One of my good qualities is that I am fiercely loyal. I'm also pretty passive, I've actually never dumped a girl. My wife knows this and I'm not sure she would ever really feel like I would have the guts to leave. So at the end of the day she has all the power. I've been rejected so much and told what an awful husband I am so many times that my self esteem and confidence are shot. If I do try to give her an idea of how this is hurting me she seems to understand but never makes any real changes or if she is changing it's slow going.

Honestly I'd settle for a little ray of hope. Something that made me feel like we are going toward a road of repair and not down the road toward separation and divorce.


----------



## Trenton (Aug 25, 2010)

BALANCE said:


> No worries. It does seem like we have some similarities in our situation, although you seem a little farther down the road. Good learning for me.
> 
> 
> 
> ...


This is sweet and actually I like loyalty as a characteristic but it is easy to take advantage of. It's actually quite rare these days.

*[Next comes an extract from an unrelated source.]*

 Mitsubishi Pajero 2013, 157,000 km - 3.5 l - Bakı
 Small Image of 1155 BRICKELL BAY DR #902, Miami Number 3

My question for you is...why would you stay in a situation where you were unhappy? Loyalty is a wonderful trait but if it is hurting you and you are not finding any resolve it's important to remember you only live once and there is someone out there who will appreciate and not take advantage of your loyalty.

If your answer is insecurity (even if you don't want to blurt it out here) then I'd suggest taking some time discovering yourself while you still remain loyal to your wife. You do deserve to live the life you've imagined.


----------



## Trenton (Aug 25, 2010)

seeking sanity said:


> For me a good time to check in would be today. You could tell her, I've seen positive changes over the past 2 weeks, which has encouraged me, sex is still an issue for me. I don't feel desired, or attractive to you, and I'm not prepared to live the rest of my life feeling that way. What can we do fix this?
> 
> Ladies, how should he state this - firm but not aggressive.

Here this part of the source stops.